■ **Work instructions**
Reproduce only the lines from the line containing "Татуировка мужская реализм" to the end of the entries below, including both of those lines.

[Data items]
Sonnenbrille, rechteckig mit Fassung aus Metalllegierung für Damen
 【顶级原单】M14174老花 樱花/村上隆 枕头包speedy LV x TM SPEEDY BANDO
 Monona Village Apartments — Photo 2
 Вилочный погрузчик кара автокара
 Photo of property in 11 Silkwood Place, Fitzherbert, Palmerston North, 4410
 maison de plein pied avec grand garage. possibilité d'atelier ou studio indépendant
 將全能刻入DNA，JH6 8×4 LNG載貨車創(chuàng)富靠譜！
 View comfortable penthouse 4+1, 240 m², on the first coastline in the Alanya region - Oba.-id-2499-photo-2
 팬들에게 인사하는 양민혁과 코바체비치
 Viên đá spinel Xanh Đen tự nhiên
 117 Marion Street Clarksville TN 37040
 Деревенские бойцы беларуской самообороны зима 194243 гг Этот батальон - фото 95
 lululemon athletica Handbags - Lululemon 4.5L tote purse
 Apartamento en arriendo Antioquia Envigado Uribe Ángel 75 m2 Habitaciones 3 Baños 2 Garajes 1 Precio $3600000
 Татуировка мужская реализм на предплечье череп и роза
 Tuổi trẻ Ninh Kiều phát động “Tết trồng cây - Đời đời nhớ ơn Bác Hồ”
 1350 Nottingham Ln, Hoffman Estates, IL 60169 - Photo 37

■ **Exercise answer**
 Татуировка мужская реализм на предплечье череп и роза
 Tuổi trẻ Ninh Kiều phát động “Tết trồng cây - Đời đời nhớ ơn Bác Hồ”
 1350 Nottingham Ln, Hoffman Estates, IL 60169 - Photo 37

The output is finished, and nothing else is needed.